Cardiomyocyte Apoptosis plays a critical role in the progress of heart diseases. Asperosaponin VI (ASA VI), a triterpene saponin isolated from Dipsacus asper Wall, has shown cardioprotective effects in vivo. However, whether ASA VI has a protective effect against cardiomyocyte Apoptosis is poorly understood. The present study was aimed to investigate the cardioprotective role of ASA VI and the underlying mechanisms in hypoxia-induced cardiomyocyte Apoptosis. Cardiomyocytes were exposed to hypoxic condition for 6 h and then cell viability markedly decreased, Lactate Dehydrogenase (LDH) and creatine phosphokinase (CK) activities in the culture supernatant significantly increased.

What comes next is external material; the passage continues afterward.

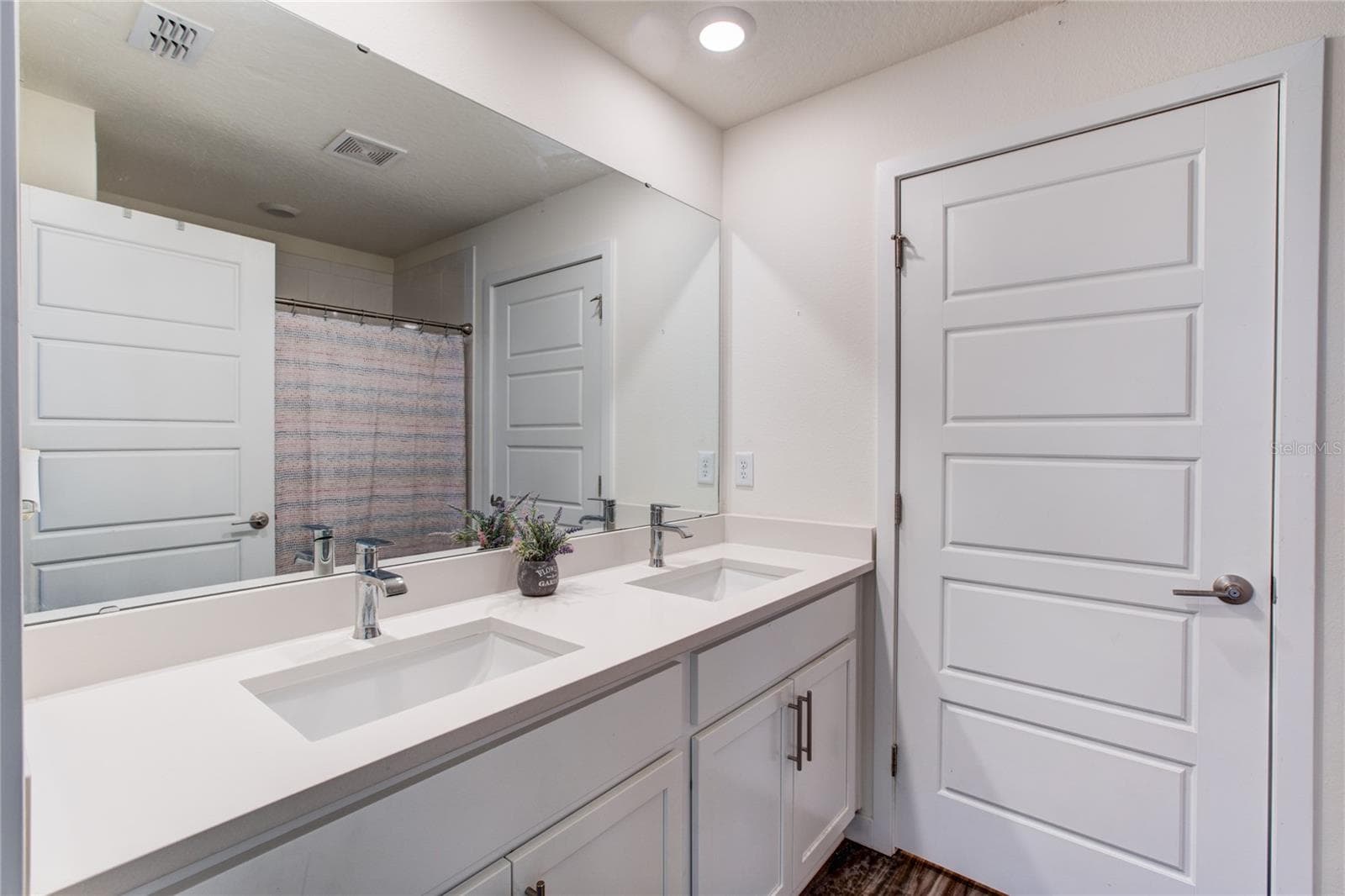 Townhouse at 214 E CHURCH AVE, LONGWOOD, photo 17 of 24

Hypoxia-activated Apoptosis were confirmed by Hoechst 33258 nuclear staining and Annexin V-FITC staining. These changes were associated with the decrease of the Bcl-2/Bax ratio, active Caspase-3 expression, phosphorylations of Akt and cAMP response element-binding protein (CREB). Moreover, ASA VI significantly attenuated increased LDH and CK activities, and increased cell viability in hypoxia treated myocytes in a dose-dependent fashion. Hoechst 33258 nuclear staining and Annexin V-FITC staining observations demonstrated the same protective effects. ASA VI treatment inhibited Apoptosis in hypoxia-induced cardiomyocyte by increasing the Bcl-2/Bax ratio and decreasing active Caspase-3 expression, as well as enhancing of p-Akt and p-CREB. Furthermore, the protective effects of ASA VI were prevented by phosphatidylinositol-3-kinase (PI3K) inhibitor LY294002 treatment. In consequence, we demonstrated that ASA VI had protective effect against hypoxia-induced cardiomyocytes Apoptosis probably by activating the PI3K/Akt and CREB pathways.